----- Source records -----
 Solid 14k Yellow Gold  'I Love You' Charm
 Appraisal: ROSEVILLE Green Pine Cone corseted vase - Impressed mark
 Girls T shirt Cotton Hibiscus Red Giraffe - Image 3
-----
----- Source records -----
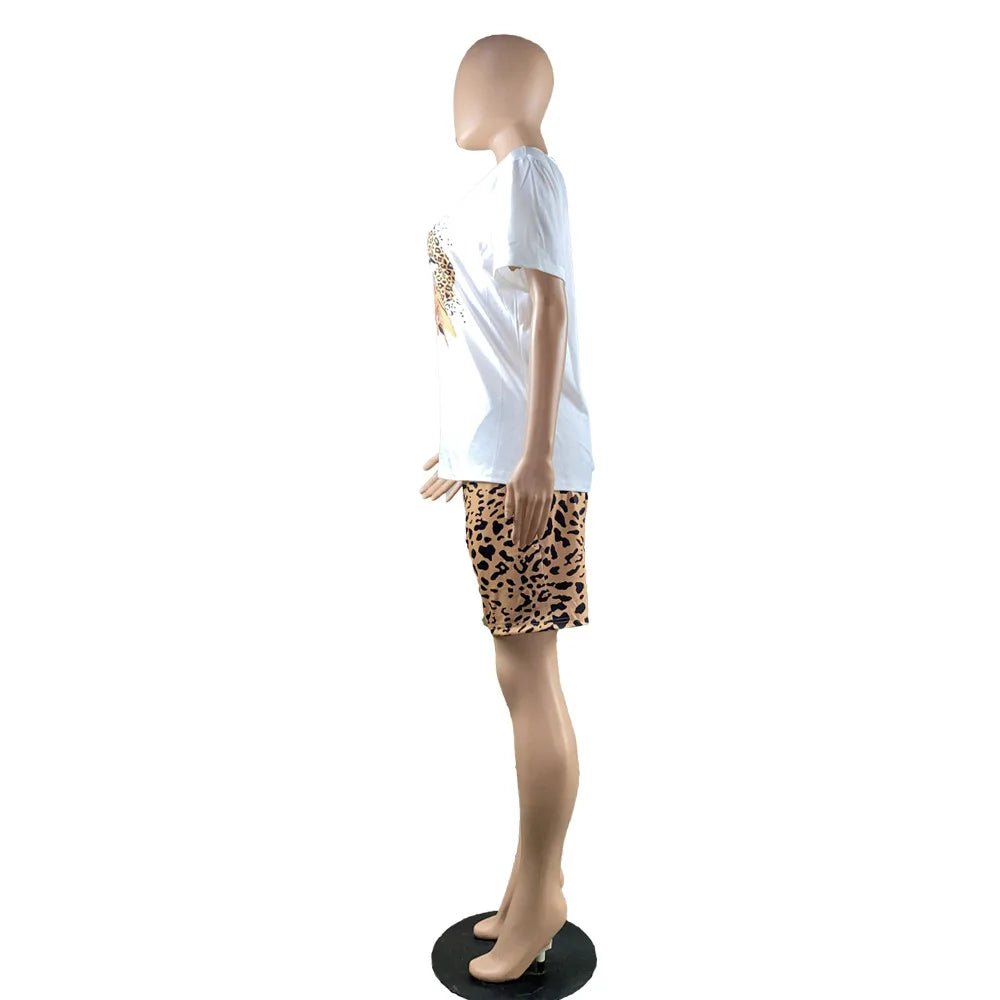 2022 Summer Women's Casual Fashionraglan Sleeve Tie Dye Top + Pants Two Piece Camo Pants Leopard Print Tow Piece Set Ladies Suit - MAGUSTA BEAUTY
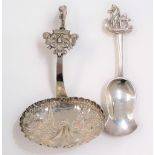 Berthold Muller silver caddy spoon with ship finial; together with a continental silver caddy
-----
- What needs to be done:
From the records above, quote word for word only the lines beginning at the line that has "2022 Summer Women's" and stopping after the line that has "Berthold Muller silver". Omit the pictures.

- Reply to the exercise:
 2022 Summer Women's Casual Fashionraglan Sleeve Tie Dye Top + Pants Two Piece Camo Pants Leopard Print Tow Piece Set Ladies Suit - MAGUSTA BEAUTY
 Berthold Muller silver caddy spoon with ship finial; together with a continental silver caddy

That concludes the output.